As you astutely point out, jam rock god and newly minted movie star, Mr. Matthews, is arguably the best-known celeb whose family calls the area home base. Several other members of his same-named band also live around town (Ace constantly sees them at Whole Foods). They aren’t the only music stars in the area—folk crooner Mary Chapin Carpenter parks her guitar in the far reaches of the county.
Chief among the movie folk is Academy Award-winning actress Sissy Spacek. CHS students can relax—Carrie has long graduated. Spacek has lived in peaceful proximity in Albemarle County for years with her hubby, filmmaker Jack Fisk, and two daughters, Schuyler and Madison (named after local towns/counties…awwww). You can next see Spacek in the freaky-deaky sequel The Ring Two, opening Friday, and Ace hears she might be popping up for a prominent local event sometime soon.
Best-selling author John Grisham has an office off the Downtown Mall, and in the past has done in-person signings of his legal potboilers like The Jury and The Rainmaker at New Dominion Book Shop. Another local literati goddess, Rita Mae Brown, is best known for her Rubyfruit Jungle, and now she co-writes a successful series of mysteries with her cat, Sneaky Pie Brown, about a crime-solving Crozet postmistress.
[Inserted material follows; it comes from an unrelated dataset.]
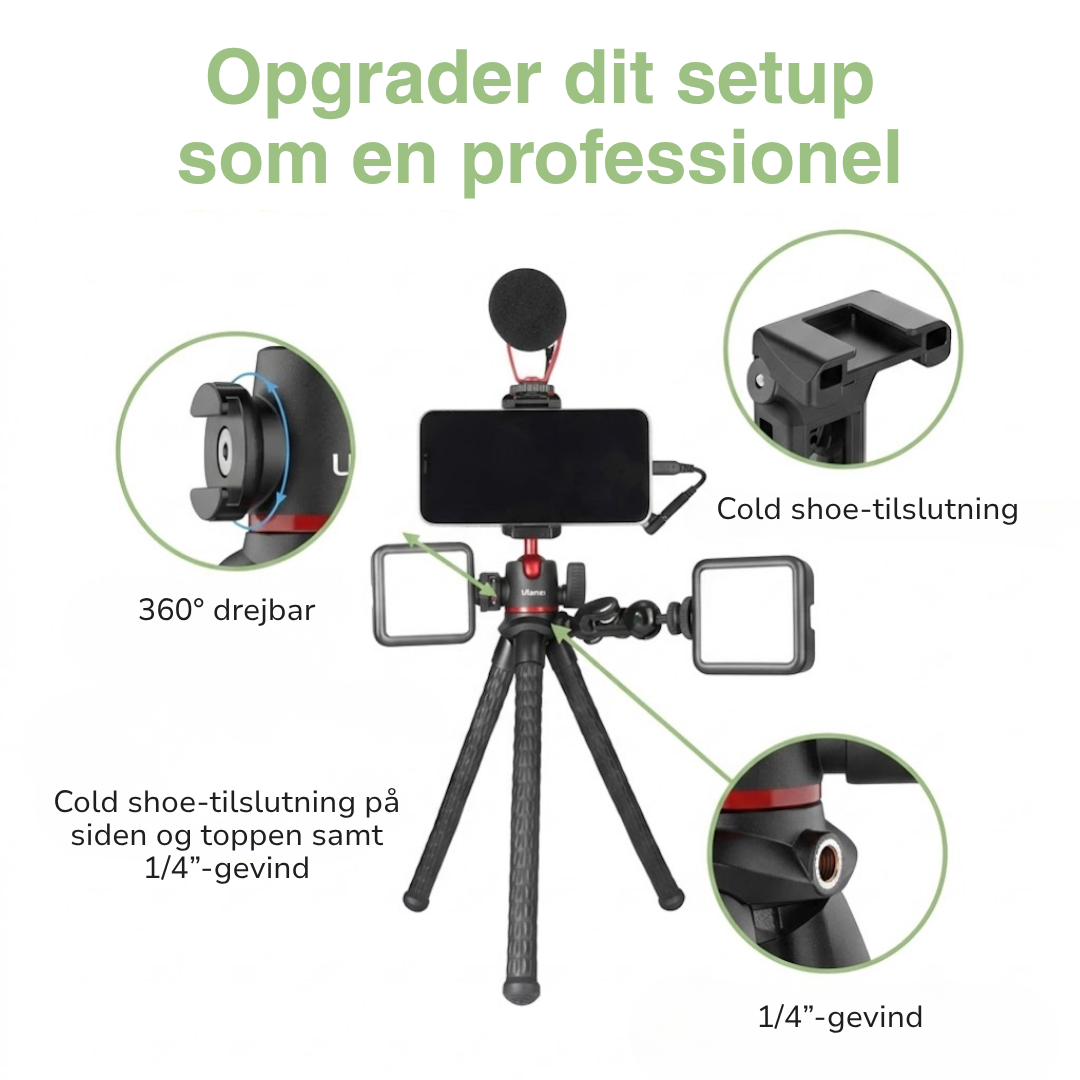 Fleksibelt octopus-stativ – til telefon og kamera – gorilla-stativ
No list of Charlottesville’s famous would be complete without football legend, NFL commentator and Radio Shack flak Howie Long. Long can be spied getting his signature flat-top cut at Staples Barber Shop in the Barracks Road Shopping Center.
Ace couldn’t overlook Albemarle’s reigning diva, Patricia Kluge. Kluge has become a multimedia force to be reckoned with, given the launch of her restaurant/gas station, Fuel, plus her Kluge Estate Vineyards, which received an…interesting write-up last year in The Washington Post’s Reliable Sources section.
As for the next generation of Charlottesville pop-tart culture, look to UVA student Travis Tucker, recently booted off Fox’s “singing” competition, “American Idol.” Ace has these parting words for the good-lookin’ entertainer: Milk it for all it’s worth, kid. Ace wouldn’t get laid much without this gig.
If that’s still not enough Hollywood for ya, Ace suggests checking out the “Celebrity Culture” colloquium April 12 by the UVA’s Institute for Advanced Studies in Culture. Maybe they can explain why we care so much about who’s on Paris’ Sidekick…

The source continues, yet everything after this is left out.